Immersive reality solution providers offer a variety of fundamental and foundational technologies required to run industrial enterprise metaverses, including virtual reality space convergence, communications and computing infrastructure, and security and privacy.

Virtual reality space convergence

Ultra-low latency high fidelity rendering: Low latency is extremely critical to provide an immersive experience in a metaverse. AR/VR partners provide unparalleled realism of environments by leveraging ultra-low latency remote rendering on cloud/on premise in full fidelity and wirelessly streaming the solution to affordable commercial-off-the-shelf (COTS) devices in the form of head-mounted displays (HMDs), tablets, and desktop computers.

High-precision 3D AI-based spatial mapping: Uses high-fidelity remote spatial mapping with high-fidelity 3D scene reconstruction, scene segmentation, and 3D object recognition using 3D vision and deep learning-based AI with precise fusion of the real and virtual worlds to merge the real world and virtual worlds.

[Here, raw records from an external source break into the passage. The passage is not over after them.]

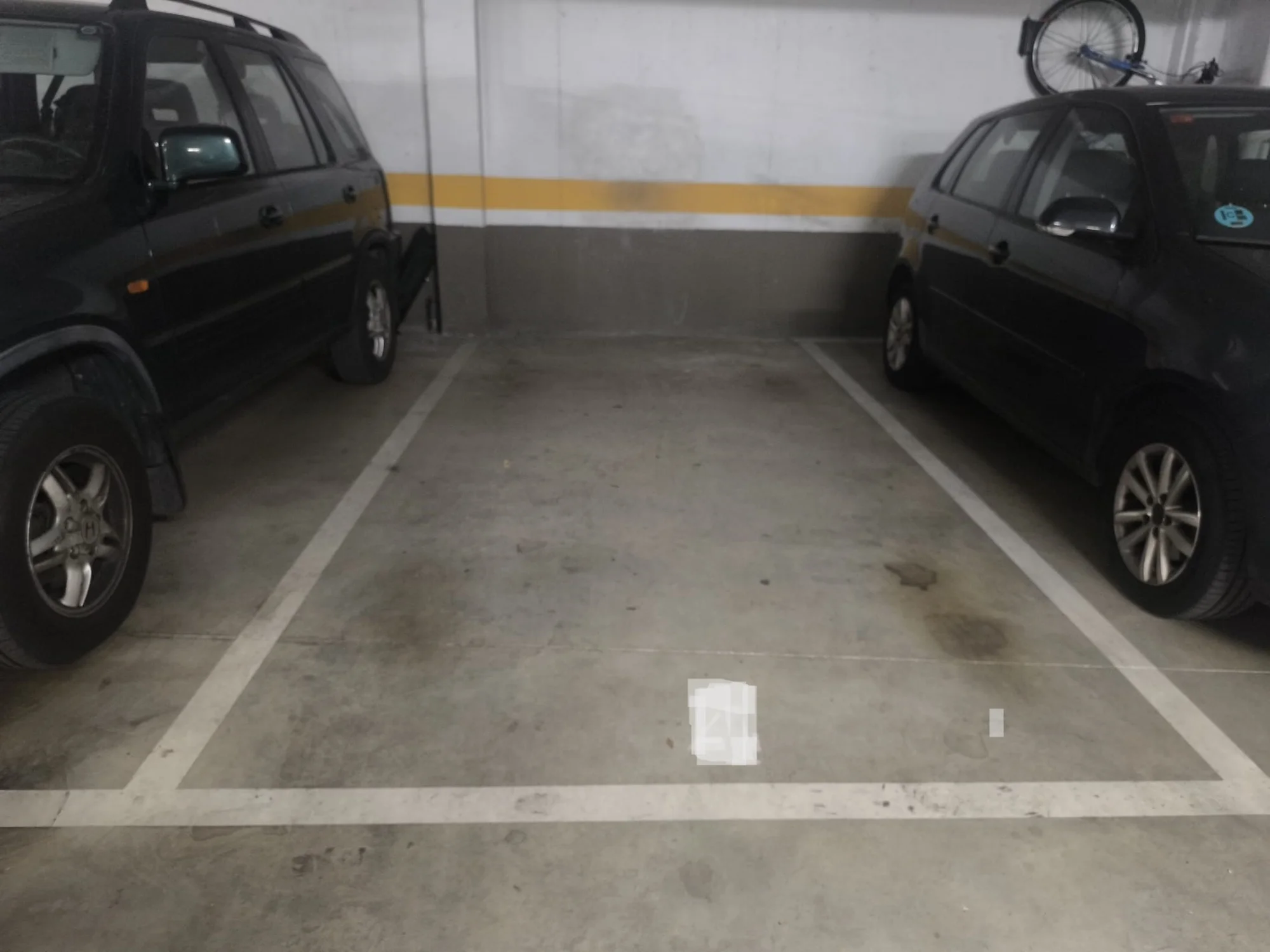 Plaza de parking moderna en Terrassa, 12 m²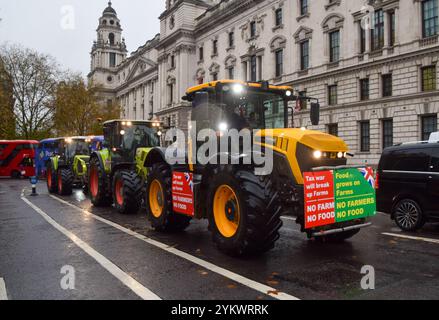 London, Großbritannien. November 2024. Traktoren passieren den Parliament Square, während Tausende von Bauern in Westminster gegen die Erbschaftssteuer protestieren. Quelle: SOPA Images Limited/Alamy Live News Stockfoto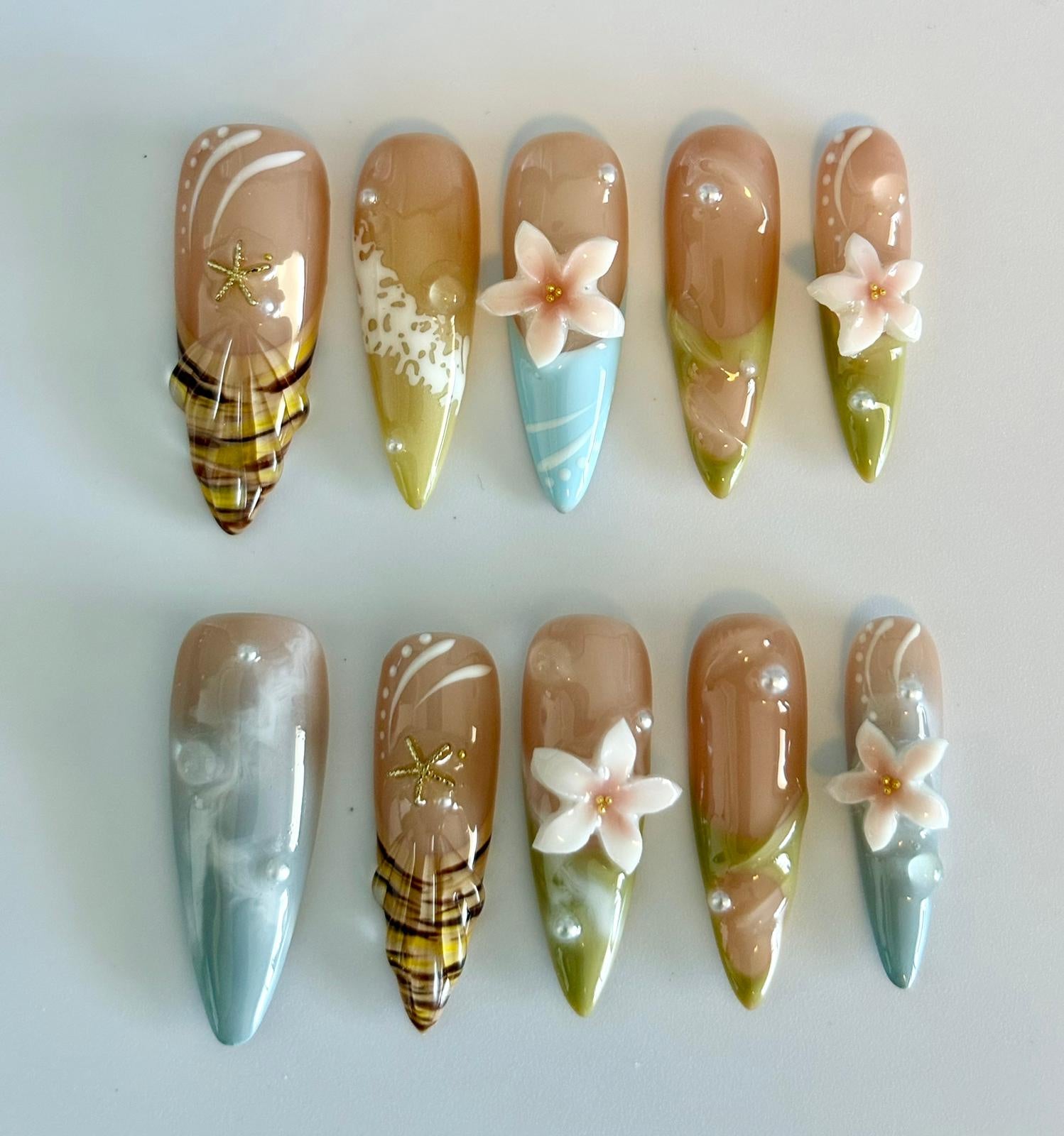 Golden Tides Blossom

Game engines: Consumer game engines have limitations in that they can handle only a metaverse that can fit in a single server. The metaverse will be ever-growing as more digital twins are created to simulate real objects in the virtual world. The right AR/VR partners have created a data-centric simulation engine that scales for any complexity of metaverse.

Communications and computing infrastructure

Cloud computing/edge computing: Industrial enterprises will subscribe to multi-cloud, edge cloud. Depending on different factors like data sensitivity, latency, and cost, different parts of the metaverse need to be run at different cloud/edge locations in a distributed manner. AR/VR partners automate running the metaverse for industrial enterprise.

Messaging framework: In a distributed metaverse there is a need to update the metaverse at global scale so users can collaborate seamlessly. AR/VR partners have messaging framework updates distributed to the metaverse at global scale.

Security and privacy

Security and privacy are among the biggest issues facing today’s world. Since the metaverse has digital twins as an integral part, it will have much richer data. Security and privacy in the metaverse cannot be solved by traditional security tools, so AR/VR partners have built tools that handle the security and privacy related to digital twins.

Conclusion

The metaverse is going to be important for all businesses, enterprises, and consumers. Today, people and employees can only experience the internet when they log online using their computer or mobile device, but with new connectivity, devices, and technologies powered by immersive mixed reality, we will be able to experience the internet all around every single day.